Big leads are less safe in a world with more persistence, but only slightly so. A 30-point lead at half-time (ie with 3,600 seconds to go), is still safe 82% of the time, only 5% points less safe than it was in the world with lower levels of persistence.

But, maybe, games with higher rates of persistence are also characterised by greater accuracy and higher rates of scoring generally, so let's consider a situation where persistence is 60%, the average yield per Scoring Shot is 4, and the average time per Scoring Shot is just 2 minutes.

We again find that leads of any size are less safe that they were under the assumption that the relevant parameters could be estimated from the all-quarter analysis, though again we find that the probability of a 1-point lead with 60 seconds to go being run down is only slightly different under the assumptions made here than under the original assumptions - it alters from the original 31% to just 23%.

Our 30-point lead at half-time is also still safe 74% of the time, down from the 87% we had in the original table.


So, how does this model of scoring perform empirically? To answer this question let's again use the scoring progression data we have for 2008 to 2014 and, for every scoring event in the third and fourth quarters of the games in that sample, use the model to estimate the probability that the lead at that scoring event is safe given the size of the lead and the time remaining. In the first game in our sample, for example, Richmond led Carlton by 18 points with 1,076 seconds to go. Given that position, the model estimates the Tigers' lead should be safe 91% of the time.

We can also then calculate, with the benefit of the knowledge of the actual course of the remainder of the game, whether or not the lead was, indeed, safe, and then assess how well-calibrated are the model's probability assessments.

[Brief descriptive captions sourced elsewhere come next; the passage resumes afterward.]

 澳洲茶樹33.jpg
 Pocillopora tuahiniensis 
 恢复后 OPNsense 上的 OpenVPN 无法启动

A well calibrated forecaster is one who assesses as X% likely events that happen X% of the time, for all values of X.

The results of performing such an analysis appear in the table at left in which each row summarises the performance of the model for probability assessments falling within specific bounds. The first row, for example, summarises the results for those scoring events after which the model assessed the probability of the current lead being safe as less than 5%.

It reveals that, when such assessments were made in 3rd Quarters, the average estimated probability that the lead was safe (averaged across all the times when the assessed probability was under 5%) came in at about 4%, but that the leads at the time were safe, in fact, about 15% of the time. The better calibrated the model, the closer will be these two numbers.

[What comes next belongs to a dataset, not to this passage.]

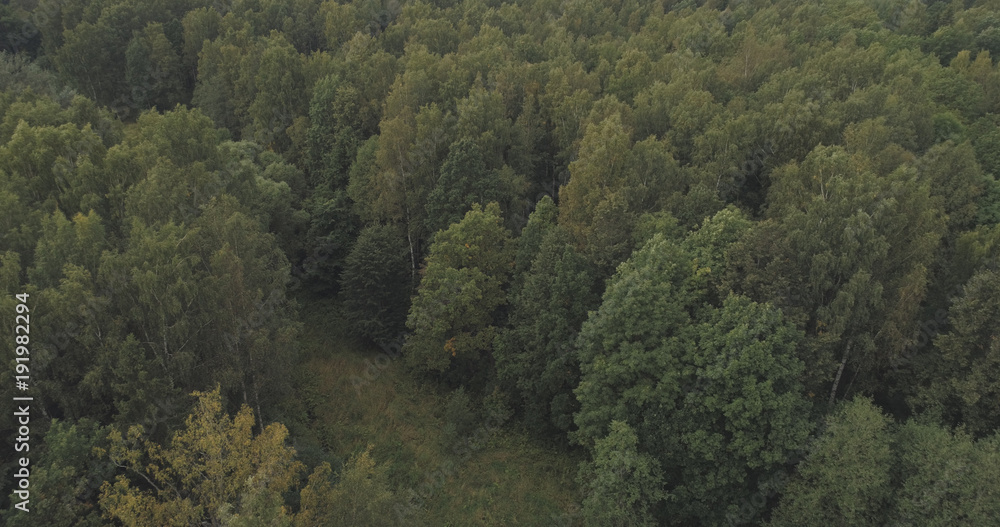 Aerial shot fly over wild park or forest in cloudy day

Looking firstly at the results for scoring events and assessments in 3rd Quarters suggests that the model is quite well-calibrated for probability assessments greater than 15% but is a little conservative about how safe leads are for smaller probability assessments.

In 4th Quarters the model is well-calibrated only for probability assessments greater than 55% and is, again, too conservative when its probability assessments are lower.

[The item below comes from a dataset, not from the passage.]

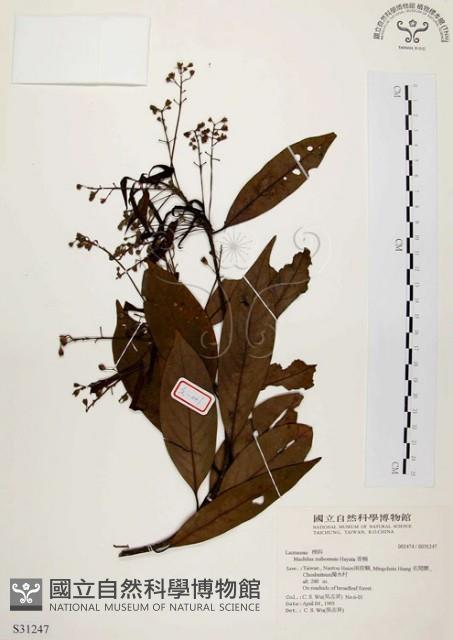 香楠藏品圖，第1張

The conservatism in the model can't be blamed on the fact that we've used the all-quarter scoring averages for the model rather than averages relevant to specific quarters, because scoring is more frequent and the average score per event higher in 3rd and 4th Quarters, so using quarter-specific metrics in the model would tend to make it more conservative in this case.

More likely, the conservatism stems from the assumption that the teams are always evenly matched, which would tend to make larger leads less likely to be deemed safe than they really are. The paper does discuss how the probability formula might be adjusted to cater for teams of unequal ability, and this is a topic I might look at in a future post.

In the meantime and in any case, I think it's interesting to see how well the model performs generally, especially when it deems a lead to be safe with a probability in excess of 50%. There is then, apparently, something of a random walk in the progression of the score in an AFL game.